戦国時代の日本が舞台と思われるフランス漫画。

Takeoという名の武士が、Shiro という男を伴い、「名無し島」という島に渡ろうとするが、海岸で出会った村人達は、この島を恐れ、誰もが船を出すのを渋る。

道すがら出合った、朝鮮人の家族をやくざ者らの手から救い出したTakeoは、彼らと共に、飯屋で食事をするが、飯屋の女将が、Takeoの連れの一家の子供、Natsumiへ退屈しのぎにと貸し与えた巨大な知恵の輪を、Natsumi が何気なく外す。

すると、なぜか、それを見た飯屋に集った人々の間に、驚きと深刻な雰囲気が漂い、Takeo達は、いたたまれずに、早々に飯屋を後にする。

そして、この出来事をきっかけに、Natsumi は、正体不明の男達から、追われる羽目になり、Takeoは、Natsumi を連れ寺へ行き、庇護を求めようとするが・・・


西洋人にとって、サムライが活躍する時代の日本というのは、エキゾチックで、冒険に溢れているというイメージがあるようです。
そんなわけで、サムライを主人公とした漫画もフランスで、いくつか描かれているみたいです。

私もそのいくつかを読んだことがあるけれど、読んでいて思わず、椅子から転げ落ちそうになり、

「なんじゃこりゃぁ!!!」

と、思わず、図書館で大声を上げそうになるような代物。

現在、フランスでかなり人気を誇っている、戦国時代の日本を舞台にしたと思われる(一応、空想の世界が舞台という事には、なっているのだけど、武士らしき姿をしている人物が出てきたり、中に「芸者よ、おまえは〜〜」なんていう台詞が出てくるので、日本が舞台であることは間違いないと思います)漫画ですら、残念なことに、この例に洩れませんでした。

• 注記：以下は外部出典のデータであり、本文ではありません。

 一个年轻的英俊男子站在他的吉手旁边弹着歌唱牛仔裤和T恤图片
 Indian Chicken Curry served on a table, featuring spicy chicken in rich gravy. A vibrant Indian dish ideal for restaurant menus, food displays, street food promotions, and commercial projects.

まあ、フランス人に言わせると、フランスの歴史に対する深い知識のない日本人が書いた、フランス歴史物も、

「これはヒドイ!」

式のモノもあるそうなので、あまり、フランス人の事ばかり笑えませんが、こういったBDが原因で、フランス人の日本の歴史に対する誤解が余計深まるのかと思うと、暗澹な気持ちになってしまいます。

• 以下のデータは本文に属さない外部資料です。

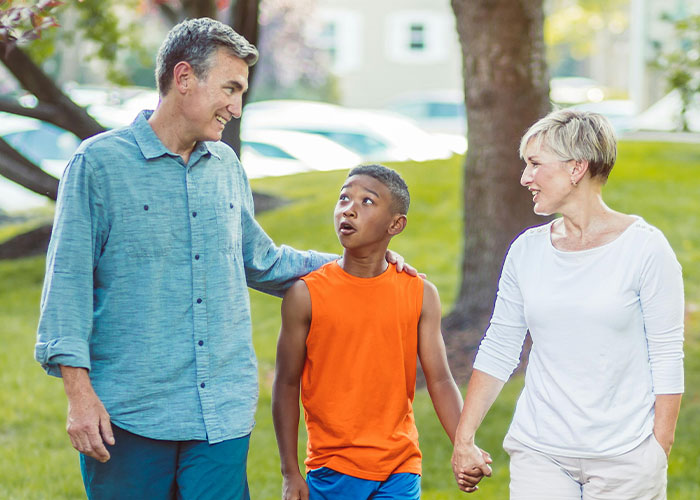 Family walking in park, smiling and holding hands, capturing reactions to coming out of the closet.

そういった事もあって、この漫画も、椅子から転がり落ちないよう、ベットの真ん中に座ってから、かなり覚悟して、読み始めました。

でも、この「Samurai」タイトルは冴えないけれど、中身も、多少、おかしいところはあるけど、まあ、今まで読んだフランス製サムライ漫画に比べると、かなりマトモ。

主人公が飯屋に入って「からすみ」を注文する所など、出てきて、
「おお!、このBDのストーリー担当者は、なかなかの日本通?」
と、思わせたりもします。

又、絵の方も、主人公の姿、形や、背景にも、私は、ぶっ飛んでしまう程の違和感は、感じませんでした。

おまけに、ストーリー、グラフィック、レイアウト、読み心地等々、どれを取っても、まずまずの出来の漫画でした。